Narrative review of literature on (measures of) needs of patients and caregivers and HRQoL determinants important in dementia. Relating these needs to individual goal setting instruments and Maslow's Hierarchy of needs model.


The Camberwell Assessment of Needs for the Elderly (CANE) turns out to be a valid tool to assess needs of dementia patients, suitable for research and clinical use. The Carers' Needs Assessment for Dementia (CNA-D) is a valid instrument to assess needs of caregivers. Patients identified significantly fewer needs than (in)formal caregivers. The most important needs, that also determine large part of HRQoL, are need for information; support with regard to symptoms of dementia; social contact and company; and for health monitoring and safety. Goal attainment scaling in dementia is an important but not yet valid outcome measure, with only few data on feasibility in dementia patients.
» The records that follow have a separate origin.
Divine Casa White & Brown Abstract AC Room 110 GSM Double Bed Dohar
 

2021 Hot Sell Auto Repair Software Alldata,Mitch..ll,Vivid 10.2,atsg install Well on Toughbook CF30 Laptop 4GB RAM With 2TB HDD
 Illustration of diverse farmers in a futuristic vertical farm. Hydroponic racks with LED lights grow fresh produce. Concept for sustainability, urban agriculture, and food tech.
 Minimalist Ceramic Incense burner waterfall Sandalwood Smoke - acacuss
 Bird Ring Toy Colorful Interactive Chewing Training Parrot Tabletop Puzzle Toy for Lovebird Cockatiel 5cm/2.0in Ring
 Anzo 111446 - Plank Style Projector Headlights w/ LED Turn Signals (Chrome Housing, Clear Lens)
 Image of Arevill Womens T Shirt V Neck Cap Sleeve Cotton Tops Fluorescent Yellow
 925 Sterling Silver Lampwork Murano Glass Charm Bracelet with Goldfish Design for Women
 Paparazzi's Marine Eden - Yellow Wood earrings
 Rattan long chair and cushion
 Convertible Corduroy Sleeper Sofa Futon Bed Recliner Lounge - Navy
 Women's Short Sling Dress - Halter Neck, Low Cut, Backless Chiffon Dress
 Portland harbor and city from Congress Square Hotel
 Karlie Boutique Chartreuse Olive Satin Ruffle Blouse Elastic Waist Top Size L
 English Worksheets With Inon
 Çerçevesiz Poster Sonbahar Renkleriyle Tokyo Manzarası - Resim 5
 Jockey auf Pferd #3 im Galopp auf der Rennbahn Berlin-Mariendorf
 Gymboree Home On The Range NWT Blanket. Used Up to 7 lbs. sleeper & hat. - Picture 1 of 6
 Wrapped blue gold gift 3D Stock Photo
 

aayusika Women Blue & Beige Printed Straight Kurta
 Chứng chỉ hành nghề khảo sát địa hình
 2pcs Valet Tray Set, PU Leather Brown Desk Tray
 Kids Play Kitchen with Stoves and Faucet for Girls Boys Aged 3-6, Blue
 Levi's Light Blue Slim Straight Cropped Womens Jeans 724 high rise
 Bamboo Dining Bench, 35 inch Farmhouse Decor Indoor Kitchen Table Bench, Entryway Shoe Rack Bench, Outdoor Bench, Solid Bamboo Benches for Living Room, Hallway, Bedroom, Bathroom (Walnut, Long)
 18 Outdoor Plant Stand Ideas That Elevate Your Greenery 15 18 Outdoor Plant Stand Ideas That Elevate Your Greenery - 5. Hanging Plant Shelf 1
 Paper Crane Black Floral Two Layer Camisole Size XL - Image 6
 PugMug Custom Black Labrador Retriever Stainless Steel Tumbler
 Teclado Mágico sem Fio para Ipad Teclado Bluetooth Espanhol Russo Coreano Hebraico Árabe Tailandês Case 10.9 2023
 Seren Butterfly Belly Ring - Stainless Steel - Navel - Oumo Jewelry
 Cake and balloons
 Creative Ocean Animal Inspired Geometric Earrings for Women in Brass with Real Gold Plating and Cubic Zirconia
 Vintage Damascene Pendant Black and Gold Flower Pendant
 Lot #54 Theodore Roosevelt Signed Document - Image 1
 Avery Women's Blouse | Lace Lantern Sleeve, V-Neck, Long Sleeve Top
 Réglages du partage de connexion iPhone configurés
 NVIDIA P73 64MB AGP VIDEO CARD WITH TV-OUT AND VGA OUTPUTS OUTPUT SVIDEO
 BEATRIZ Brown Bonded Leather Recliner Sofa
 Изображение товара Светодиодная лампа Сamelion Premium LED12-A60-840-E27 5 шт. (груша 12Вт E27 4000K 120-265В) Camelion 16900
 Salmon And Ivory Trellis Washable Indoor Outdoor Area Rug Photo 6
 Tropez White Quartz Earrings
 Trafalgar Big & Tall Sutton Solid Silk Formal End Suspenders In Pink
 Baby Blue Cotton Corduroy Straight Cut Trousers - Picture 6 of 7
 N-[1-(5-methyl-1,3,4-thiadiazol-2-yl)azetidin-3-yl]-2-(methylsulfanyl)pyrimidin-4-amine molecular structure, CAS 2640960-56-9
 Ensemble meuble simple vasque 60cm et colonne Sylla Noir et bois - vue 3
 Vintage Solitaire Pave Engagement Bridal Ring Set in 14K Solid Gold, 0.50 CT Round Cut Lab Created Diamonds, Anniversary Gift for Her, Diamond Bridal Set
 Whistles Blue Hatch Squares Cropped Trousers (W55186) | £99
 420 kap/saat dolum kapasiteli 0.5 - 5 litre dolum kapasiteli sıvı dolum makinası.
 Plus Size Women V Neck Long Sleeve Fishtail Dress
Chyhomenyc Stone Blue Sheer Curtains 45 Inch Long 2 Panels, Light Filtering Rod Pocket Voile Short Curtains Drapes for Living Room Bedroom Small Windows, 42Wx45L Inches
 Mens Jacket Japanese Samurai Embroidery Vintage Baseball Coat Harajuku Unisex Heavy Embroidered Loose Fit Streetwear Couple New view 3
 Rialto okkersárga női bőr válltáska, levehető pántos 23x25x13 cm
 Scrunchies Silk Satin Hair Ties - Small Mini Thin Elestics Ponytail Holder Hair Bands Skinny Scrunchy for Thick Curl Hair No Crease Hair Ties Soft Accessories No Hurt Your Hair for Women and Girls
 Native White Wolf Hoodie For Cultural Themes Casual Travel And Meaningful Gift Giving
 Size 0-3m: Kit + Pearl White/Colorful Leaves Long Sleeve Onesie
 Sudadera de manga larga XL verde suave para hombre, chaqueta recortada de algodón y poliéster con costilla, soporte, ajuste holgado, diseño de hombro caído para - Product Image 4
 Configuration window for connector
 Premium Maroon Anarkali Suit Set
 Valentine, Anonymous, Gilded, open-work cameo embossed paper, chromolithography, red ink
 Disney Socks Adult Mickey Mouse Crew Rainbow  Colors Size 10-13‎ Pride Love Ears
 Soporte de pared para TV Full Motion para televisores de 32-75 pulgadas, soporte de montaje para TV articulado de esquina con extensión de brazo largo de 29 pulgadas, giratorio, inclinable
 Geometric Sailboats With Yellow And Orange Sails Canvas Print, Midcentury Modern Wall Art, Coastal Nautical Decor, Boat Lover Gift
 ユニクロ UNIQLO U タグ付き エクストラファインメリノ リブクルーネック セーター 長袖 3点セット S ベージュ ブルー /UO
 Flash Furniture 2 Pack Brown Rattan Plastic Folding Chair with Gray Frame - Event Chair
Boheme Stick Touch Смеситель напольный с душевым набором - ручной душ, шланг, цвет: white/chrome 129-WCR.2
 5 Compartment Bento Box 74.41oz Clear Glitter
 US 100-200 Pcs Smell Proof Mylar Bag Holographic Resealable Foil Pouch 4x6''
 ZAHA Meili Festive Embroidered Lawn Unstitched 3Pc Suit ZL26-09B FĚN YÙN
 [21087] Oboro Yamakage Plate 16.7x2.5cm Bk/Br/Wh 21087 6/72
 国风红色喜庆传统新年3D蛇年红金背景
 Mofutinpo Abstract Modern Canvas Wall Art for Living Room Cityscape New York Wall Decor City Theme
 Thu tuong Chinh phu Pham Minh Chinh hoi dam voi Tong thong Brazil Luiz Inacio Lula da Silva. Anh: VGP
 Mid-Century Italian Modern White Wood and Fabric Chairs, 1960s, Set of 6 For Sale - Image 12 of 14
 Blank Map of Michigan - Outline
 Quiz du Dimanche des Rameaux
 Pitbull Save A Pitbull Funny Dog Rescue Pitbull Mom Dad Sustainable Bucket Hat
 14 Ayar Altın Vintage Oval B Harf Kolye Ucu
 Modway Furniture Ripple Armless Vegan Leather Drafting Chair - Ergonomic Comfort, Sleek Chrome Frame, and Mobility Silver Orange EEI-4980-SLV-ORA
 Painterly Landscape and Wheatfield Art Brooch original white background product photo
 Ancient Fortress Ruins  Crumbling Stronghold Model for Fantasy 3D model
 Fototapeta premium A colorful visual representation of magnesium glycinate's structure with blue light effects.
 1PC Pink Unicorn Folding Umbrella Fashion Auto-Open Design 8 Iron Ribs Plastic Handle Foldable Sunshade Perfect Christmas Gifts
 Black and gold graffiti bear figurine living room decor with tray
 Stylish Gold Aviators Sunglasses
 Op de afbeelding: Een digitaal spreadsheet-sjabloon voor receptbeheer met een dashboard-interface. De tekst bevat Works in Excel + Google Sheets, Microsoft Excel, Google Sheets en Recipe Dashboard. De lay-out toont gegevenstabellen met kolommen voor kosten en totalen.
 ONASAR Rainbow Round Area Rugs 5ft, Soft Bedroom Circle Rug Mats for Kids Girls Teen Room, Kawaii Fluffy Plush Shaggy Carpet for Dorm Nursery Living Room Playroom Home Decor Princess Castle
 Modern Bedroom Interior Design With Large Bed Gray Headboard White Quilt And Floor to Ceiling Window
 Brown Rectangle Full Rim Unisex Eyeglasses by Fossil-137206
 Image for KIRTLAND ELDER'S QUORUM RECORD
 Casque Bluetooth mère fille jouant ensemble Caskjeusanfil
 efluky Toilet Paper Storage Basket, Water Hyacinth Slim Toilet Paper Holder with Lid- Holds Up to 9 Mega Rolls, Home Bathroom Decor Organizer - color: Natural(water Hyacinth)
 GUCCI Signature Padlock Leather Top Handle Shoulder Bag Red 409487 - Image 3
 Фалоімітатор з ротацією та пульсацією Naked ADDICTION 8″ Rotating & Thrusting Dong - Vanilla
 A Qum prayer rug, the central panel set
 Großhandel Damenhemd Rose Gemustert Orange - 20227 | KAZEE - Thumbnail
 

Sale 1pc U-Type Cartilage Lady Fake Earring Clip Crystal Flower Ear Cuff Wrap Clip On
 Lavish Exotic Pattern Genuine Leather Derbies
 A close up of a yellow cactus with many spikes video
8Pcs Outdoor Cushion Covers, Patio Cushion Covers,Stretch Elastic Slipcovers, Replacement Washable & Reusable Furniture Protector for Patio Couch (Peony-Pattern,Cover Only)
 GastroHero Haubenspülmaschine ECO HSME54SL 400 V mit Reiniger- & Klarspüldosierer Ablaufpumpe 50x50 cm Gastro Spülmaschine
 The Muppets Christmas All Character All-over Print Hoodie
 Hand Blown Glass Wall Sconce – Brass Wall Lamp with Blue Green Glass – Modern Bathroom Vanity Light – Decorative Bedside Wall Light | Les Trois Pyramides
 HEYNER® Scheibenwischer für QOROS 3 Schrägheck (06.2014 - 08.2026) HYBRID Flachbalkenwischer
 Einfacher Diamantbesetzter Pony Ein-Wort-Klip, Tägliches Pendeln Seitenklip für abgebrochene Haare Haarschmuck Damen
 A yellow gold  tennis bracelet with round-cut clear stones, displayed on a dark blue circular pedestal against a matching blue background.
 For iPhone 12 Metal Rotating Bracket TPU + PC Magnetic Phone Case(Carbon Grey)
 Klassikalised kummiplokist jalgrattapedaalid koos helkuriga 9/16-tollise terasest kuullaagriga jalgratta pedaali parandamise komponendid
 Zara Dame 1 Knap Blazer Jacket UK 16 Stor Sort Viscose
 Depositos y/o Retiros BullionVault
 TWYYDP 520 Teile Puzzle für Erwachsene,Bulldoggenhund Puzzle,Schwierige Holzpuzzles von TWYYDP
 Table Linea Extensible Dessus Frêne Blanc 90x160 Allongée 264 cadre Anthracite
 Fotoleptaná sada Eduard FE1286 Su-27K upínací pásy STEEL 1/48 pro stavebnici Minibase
There are several instruments to assess needs of dementia patients and caregivers. Domains of unmet needs and HRQoL overlap. The Hierarchy Model of Needs in Dementia (HMND) offers a new theoretical framework to address the interplay between meeting of needs and improvement of HRQoL in dementia. By identifying unmet needs in dementia-research and focussing on unmet needs in dementia-care, much can be done to improve HRQoL.